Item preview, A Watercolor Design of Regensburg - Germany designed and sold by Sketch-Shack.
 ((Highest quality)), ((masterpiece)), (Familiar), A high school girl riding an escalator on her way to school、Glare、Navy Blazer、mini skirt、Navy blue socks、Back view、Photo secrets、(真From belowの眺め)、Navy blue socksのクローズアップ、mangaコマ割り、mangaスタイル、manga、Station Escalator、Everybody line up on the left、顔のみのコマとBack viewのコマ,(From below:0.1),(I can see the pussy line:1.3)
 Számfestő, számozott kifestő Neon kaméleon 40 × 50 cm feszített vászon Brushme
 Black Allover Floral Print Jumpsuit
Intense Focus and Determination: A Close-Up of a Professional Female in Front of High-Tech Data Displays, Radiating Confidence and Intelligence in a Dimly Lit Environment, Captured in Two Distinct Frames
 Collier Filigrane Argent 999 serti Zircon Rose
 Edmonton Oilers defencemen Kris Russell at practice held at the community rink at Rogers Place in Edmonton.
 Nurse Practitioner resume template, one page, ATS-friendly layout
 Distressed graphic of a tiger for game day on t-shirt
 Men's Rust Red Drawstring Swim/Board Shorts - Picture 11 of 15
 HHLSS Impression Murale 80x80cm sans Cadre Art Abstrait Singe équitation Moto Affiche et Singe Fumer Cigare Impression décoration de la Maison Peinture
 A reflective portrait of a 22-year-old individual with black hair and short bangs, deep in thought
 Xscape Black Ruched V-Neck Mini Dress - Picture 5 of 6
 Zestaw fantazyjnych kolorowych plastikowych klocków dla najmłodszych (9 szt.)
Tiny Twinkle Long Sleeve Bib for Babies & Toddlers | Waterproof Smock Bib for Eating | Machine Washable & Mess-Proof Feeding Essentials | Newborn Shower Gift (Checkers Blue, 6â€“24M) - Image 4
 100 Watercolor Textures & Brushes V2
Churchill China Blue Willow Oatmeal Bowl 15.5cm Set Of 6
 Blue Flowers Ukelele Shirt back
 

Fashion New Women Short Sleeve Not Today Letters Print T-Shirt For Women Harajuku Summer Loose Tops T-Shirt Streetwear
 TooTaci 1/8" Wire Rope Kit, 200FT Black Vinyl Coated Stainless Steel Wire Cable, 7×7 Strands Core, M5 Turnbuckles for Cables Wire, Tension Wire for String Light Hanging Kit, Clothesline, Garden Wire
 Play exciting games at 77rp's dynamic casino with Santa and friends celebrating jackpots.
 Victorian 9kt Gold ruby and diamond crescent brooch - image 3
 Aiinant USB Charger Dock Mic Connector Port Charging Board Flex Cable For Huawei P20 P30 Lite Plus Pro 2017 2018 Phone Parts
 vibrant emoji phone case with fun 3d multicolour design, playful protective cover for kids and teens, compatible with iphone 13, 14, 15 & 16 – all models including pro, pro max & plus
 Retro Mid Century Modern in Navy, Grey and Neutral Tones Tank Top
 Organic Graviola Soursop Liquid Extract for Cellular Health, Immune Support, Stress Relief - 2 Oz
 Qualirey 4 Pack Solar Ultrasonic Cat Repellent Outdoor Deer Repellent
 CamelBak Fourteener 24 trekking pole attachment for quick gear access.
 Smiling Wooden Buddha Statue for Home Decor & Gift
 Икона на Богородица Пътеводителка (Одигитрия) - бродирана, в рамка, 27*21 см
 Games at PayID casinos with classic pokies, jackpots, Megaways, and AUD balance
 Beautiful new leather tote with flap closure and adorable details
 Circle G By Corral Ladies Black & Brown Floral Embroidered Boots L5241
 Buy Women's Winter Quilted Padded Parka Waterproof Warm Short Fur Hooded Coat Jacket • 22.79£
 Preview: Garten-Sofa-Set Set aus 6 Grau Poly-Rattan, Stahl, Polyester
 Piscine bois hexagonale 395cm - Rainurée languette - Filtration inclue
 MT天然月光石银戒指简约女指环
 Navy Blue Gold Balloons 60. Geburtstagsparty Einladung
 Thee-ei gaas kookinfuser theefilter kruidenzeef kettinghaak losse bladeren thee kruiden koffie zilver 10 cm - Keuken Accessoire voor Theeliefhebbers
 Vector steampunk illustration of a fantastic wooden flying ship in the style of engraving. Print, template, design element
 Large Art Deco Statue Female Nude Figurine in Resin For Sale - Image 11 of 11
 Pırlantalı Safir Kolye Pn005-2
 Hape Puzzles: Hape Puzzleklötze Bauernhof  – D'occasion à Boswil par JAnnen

============================================================

● **WHAT IS NEEDED**:
Give back all the data exactly as it was written.

● **ANSWER FOR THE TASK**:
Item preview, A Watercolor Design of Regensburg - Germany designed and sold by Sketch-Shack.
 ((Highest quality)), ((masterpiece)), (Familiar), A high school girl riding an escalator on her way to school、Glare、Navy Blazer、mini skirt、Navy blue socks、Back view、Photo secrets、(真From belowの眺め)、Navy blue socksのクローズアップ、mangaコマ割り、mangaスタイル、manga、Station Escalator、Everybody line up on the left、顔のみのコマとBack viewのコマ,(From below:0.1),(I can see the pussy line:1.3)
 Számfestő, számozott kifestő Neon kaméleon 40 × 50 cm feszített vászon Brushme
 Black Allover Floral Print Jumpsuit
Intense Focus and Determination: A Close-Up of a Professional Female in Front of High-Tech Data Displays, Radiating Confidence and Intelligence in a Dimly Lit Environment, Captured in Two Distinct Frames
 Collier Filigrane Argent 999 serti Zircon Rose
 Edmonton Oilers defencemen Kris Russell at practice held at the community rink at Rogers Place in Edmonton.
 Nurse Practitioner resume template, one page, ATS-friendly layout
 Distressed graphic of a tiger for game day on t-shirt
 Men's Rust Red Drawstring Swim/Board Shorts - Picture 11 of 15
 HHLSS Impression Murale 80x80cm sans Cadre Art Abstrait Singe équitation Moto Affiche et Singe Fumer Cigare Impression décoration de la Maison Peinture
 A reflective portrait of a 22-year-old individual with black hair and short bangs, deep in thought
 Xscape Black Ruched V-Neck Mini Dress - Picture 5 of 6
 Zestaw fantazyjnych kolorowych plastikowych klocków dla najmłodszych (9 szt.)
Tiny Twinkle Long Sleeve Bib for Babies & Toddlers | Waterproof Smock Bib for Eating | Machine Washable & Mess-Proof Feeding Essentials | Newborn Shower Gift (Checkers Blue, 6â€“24M) - Image 4
 100 Watercolor Textures & Brushes V2
Churchill China Blue Willow Oatmeal Bowl 15.5cm Set Of 6
 Blue Flowers Ukelele Shirt back
 

Fashion New Women Short Sleeve Not Today Letters Print T-Shirt For Women Harajuku Summer Loose Tops T-Shirt Streetwear
 TooTaci 1/8" Wire Rope Kit, 200FT Black Vinyl Coated Stainless Steel Wire Cable, 7×7 Strands Core, M5 Turnbuckles for Cables Wire, Tension Wire for String Light Hanging Kit, Clothesline, Garden Wire
 Play exciting games at 77rp's dynamic casino with Santa and friends celebrating jackpots.
 Victorian 9kt Gold ruby and diamond crescent brooch - image 3
 Aiinant USB Charger Dock Mic Connector Port Charging Board Flex Cable For Huawei P20 P30 Lite Plus Pro 2017 2018 Phone Parts
 vibrant emoji phone case with fun 3d multicolour design, playful protective cover for kids and teens, compatible with iphone 13, 14, 15 & 16 – all models including pro, pro max & plus
 Retro Mid Century Modern in Navy, Grey and Neutral Tones Tank Top
 Organic Graviola Soursop Liquid Extract for Cellular Health, Immune Support, Stress Relief - 2 Oz
 Qualirey 4 Pack Solar Ultrasonic Cat Repellent Outdoor Deer Repellent
 CamelBak Fourteener 24 trekking pole attachment for quick gear access.
 Smiling Wooden Buddha Statue for Home Decor & Gift
 Икона на Богородица Пътеводителка (Одигитрия) - бродирана, в рамка, 27*21 см
 Games at PayID casinos with classic pokies, jackpots, Megaways, and AUD balance
 Beautiful new leather tote with flap closure and adorable details
 Circle G By Corral Ladies Black & Brown Floral Embroidered Boots L5241
 Buy Women's Winter Quilted Padded Parka Waterproof Warm Short Fur Hooded Coat Jacket • 22.79£
 Preview: Garten-Sofa-Set Set aus 6 Grau Poly-Rattan, Stahl, Polyester
 Piscine bois hexagonale 395cm - Rainurée languette - Filtration inclue
 MT天然月光石银戒指简约女指环
 Navy Blue Gold Balloons 60. Geburtstagsparty Einladung
 Thee-ei gaas kookinfuser theefilter kruidenzeef kettinghaak losse bladeren thee kruiden koffie zilver 10 cm - Keuken Accessoire voor Theeliefhebbers
 Vector steampunk illustration of a fantastic wooden flying ship in the style of engraving. Print, template, design element
 Large Art Deco Statue Female Nude Figurine in Resin For Sale - Image 11 of 11
 Pırlantalı Safir Kolye Pn005-2
 Hape Puzzles: Hape Puzzleklötze Bauernhof  – D'occasion à Boswil par JAnnen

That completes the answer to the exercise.